Reading about Marcus Borg again moves me to collect a copy of his book "Meeting Jesus Again For the First Time" from my office at church, where I may have several copies, having at one Time thought to lead a class reading and discussing the book and Borg's views. I've forgotten it, I'll have to read it again, it may have answers to some of my quest "Seek The Truth, Come Whence It May, Cost What It Will"; which involves credible faith, not scientific proof and not accepting the dogma of others' thinking. Furthermore, with my eighty-seventh birthday just over the horizon, I may contemplate that approach to ministry as my next step in retirement, some sort of Holy Book Club, or its "Thinking For Dummies" step-brother Holy Essay Club.

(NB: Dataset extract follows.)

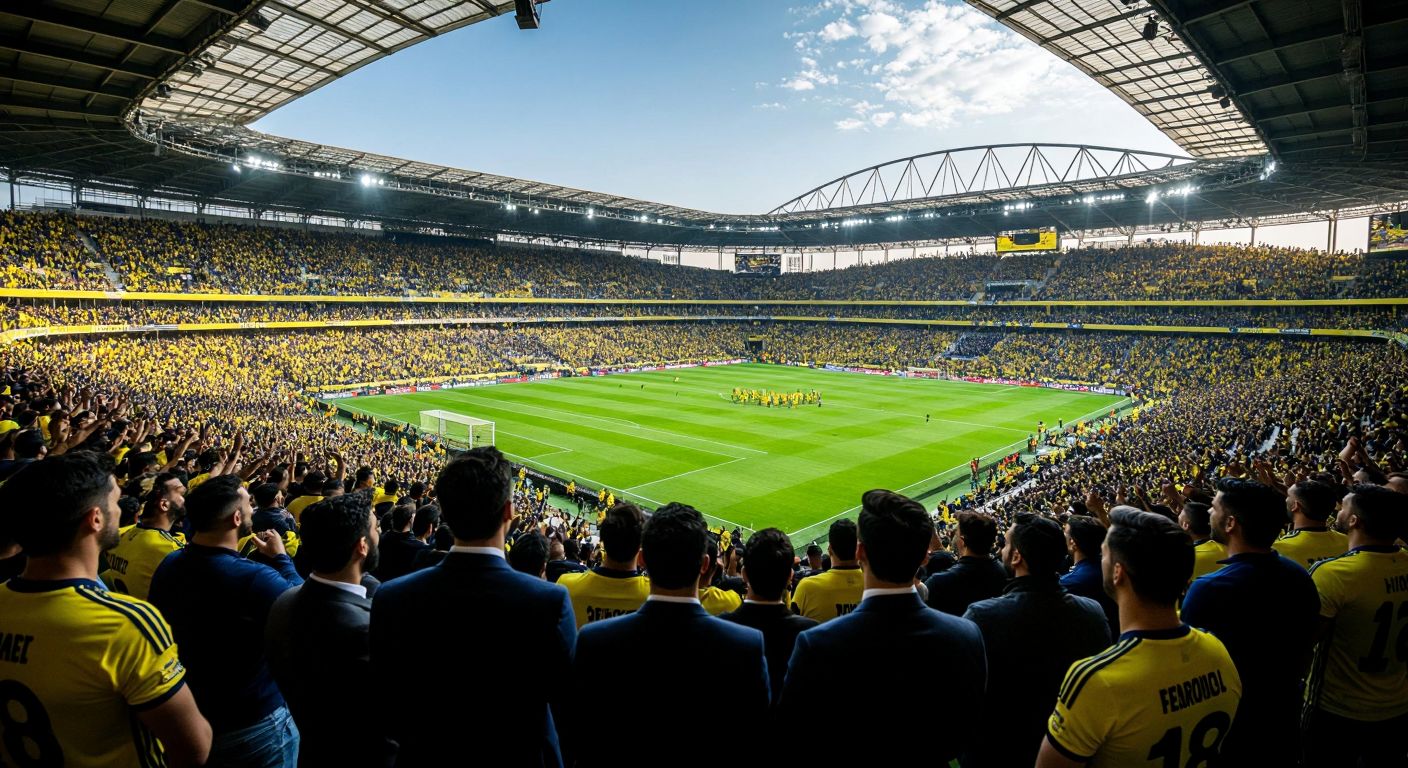 A bustling stadium in Istanbul, filled with cheering fans in yellow-and-blue Fenerbahçe jerseys, while executives in suits discuss sponsorship deals in a sleek office overlooking the field.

Actually, contemplation requires exercising the mind, and in my progressive form of retirement I'm perfectly happy sitting here checking the Vessel Schedule and looking across the Bay watching the Pass for arriving ship traffic.
But back to Marcus Borg (1942-2015), Fr Rohr's essay this mornin prompted me to search out and read maybe half-dozen or so articles about Borg, Wikipedia, a couple of his obituaries including the one on ENS, the Episcopal News Service. Also an essay about him from a series "The False Teachers" by Tim Challies, an evangelical Christian "blogger, author, and book reviewer" and I'd add "apologist". Challies did a creditable work of describing Borg's position, then dismissed him with, basically, "he doesn't believe what we believe, so he's a false teacher" mentality that reminded me of watching Jerry Falwell on tv patting his Bible and with a smugly angelic smile boasting, I believe every word in this book is literally and inerrantly true. Jiminy Jeepers. Gimme that old time religion, it's good enough for me, sung at the Scopes Monkey Trial a century ago.

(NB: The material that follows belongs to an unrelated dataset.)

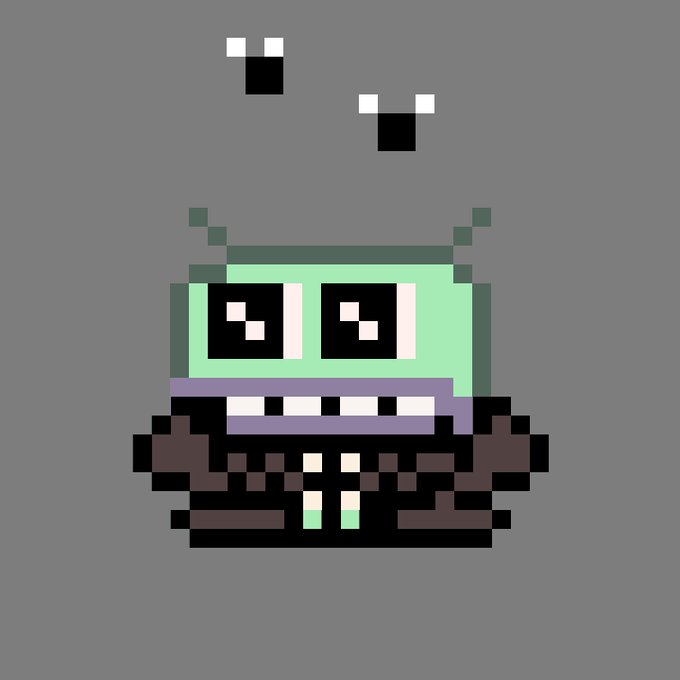 A pixel-art illustration depicts a small green creature with large eyes and antennae, appearing to read a brown book, with two pairs of eyes floating above it.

For myself, I've spent the second half of my eighty-six years, as an Episcopal priest trying to honor the dictum of my seminary professors, to take my seminary learning out to the people I've served, and not tuck it away lest I offend big pledgers. The church of my seminary and the church of my cradle are both in the category absurdly called "Mainline Christianity" that embrace faith that is credible in the Universe and challenging for this life.
IDK. WTH. RSF&PTL anyway.
In all this, maybe what I appreciate most is that Richard Rohr, Roman Catholic, a Franciscan, is a thinker not a Fundamentalist dogmatist.
Scroll down, Fr Richard's essay this morning and a link to Tim Challies' 2014 essay.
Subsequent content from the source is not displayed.